Each record is to be copied exactly, with its pictures left behind.

"""

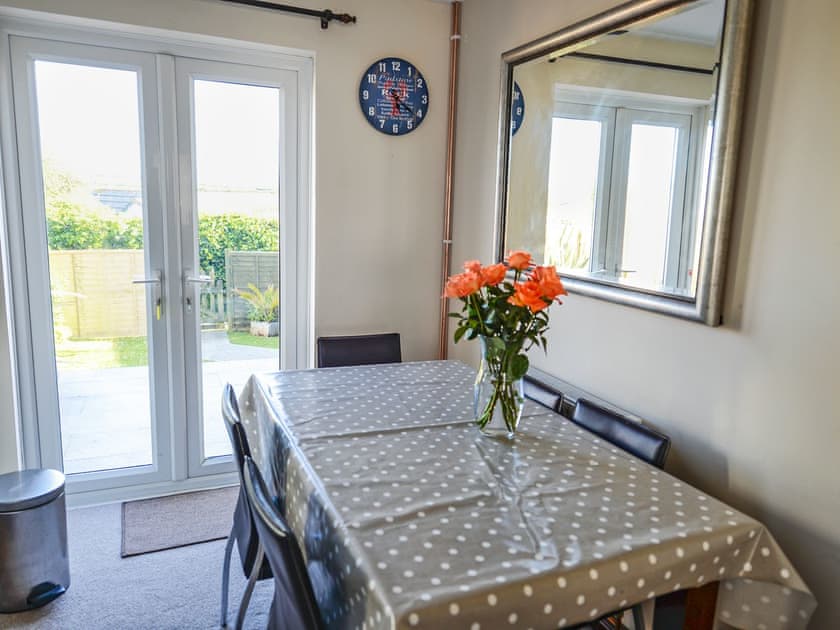 Inviting dining area with French doors leading to garden | The Yellow House, Padstow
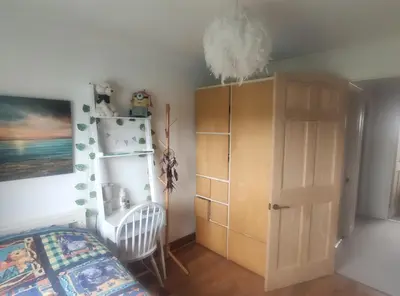 a bedroom with a bed and a cabinet at Single bedroom in quiet neighbourhood in Mount Vernon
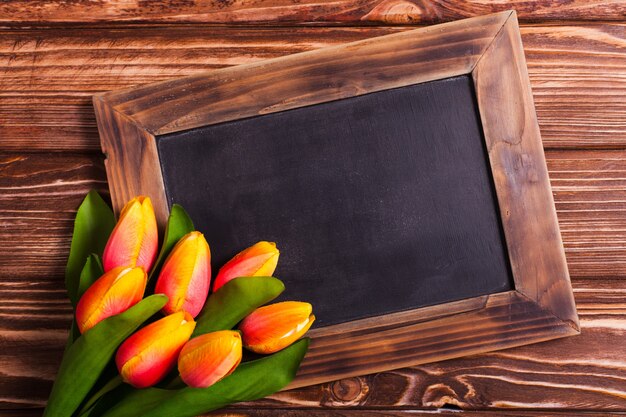 Tulpen mit Tafel auf Holzuntergrund - Frühlingsgrüße
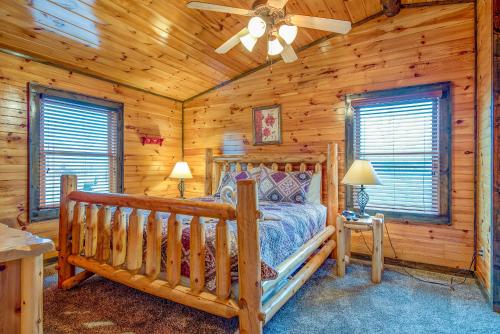 una camera da letto in stile baita di tronchi con letto e ventilatore a soffitto di Standing Bear Lodge, 5 Bedrooms, Sleeps 18, Pool Table, Air Hockey, Hot Tub a Gatlinburg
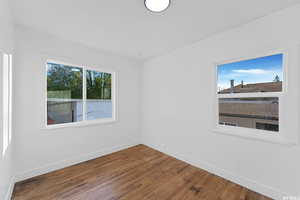 Spare room with baseboards and wood finished floors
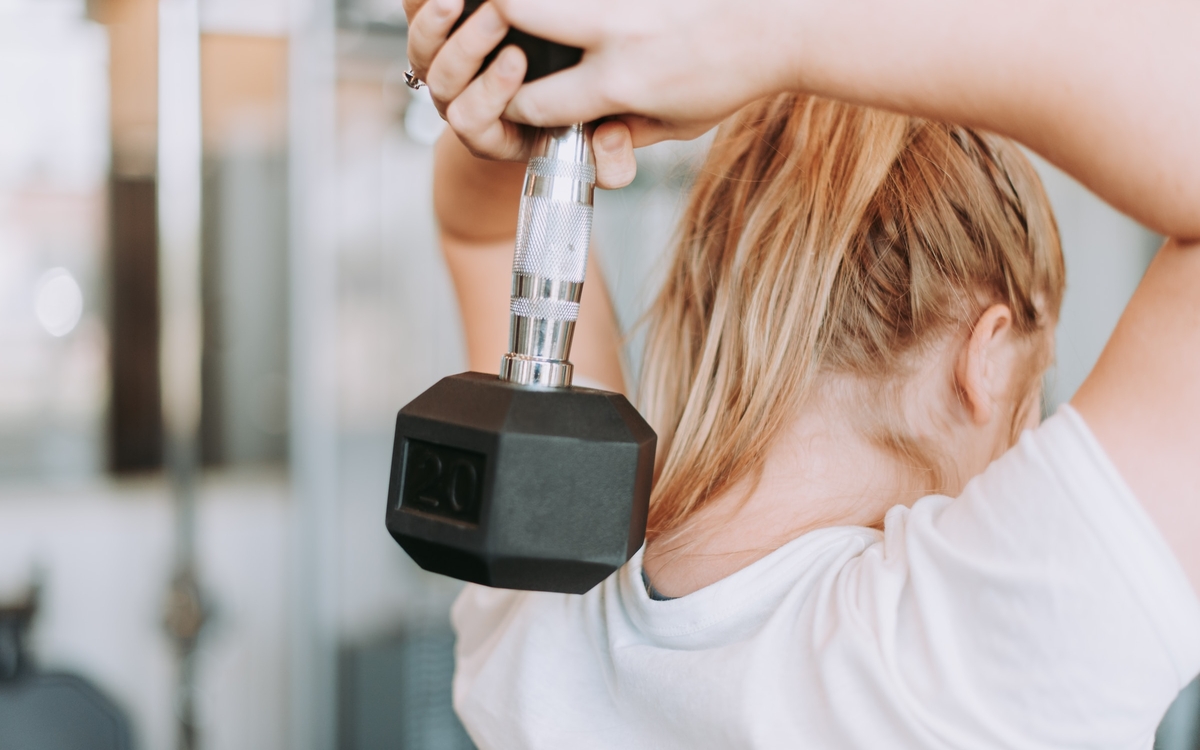 Femme de dos, tenant un poids à deux mains derrière sa tête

"""

▶ _Exercise response_:
 Inviting dining area with French doors leading to garden | The Yellow House, Padstow
 a bedroom with a bed and a cabinet at Single bedroom in quiet neighbourhood in Mount Vernon
 Tulpen mit Tafel auf Holzuntergrund - Frühlingsgrüße
 una camera da letto in stile baita di tronchi con letto e ventilatore a soffitto di Standing Bear Lodge, 5 Bedrooms, Sleeps 18, Pool Table, Air Hockey, Hot Tub a Gatlinburg
 Spare room with baseboards and wood finished floors
 Femme de dos, tenant un poids à deux mains derrière sa tête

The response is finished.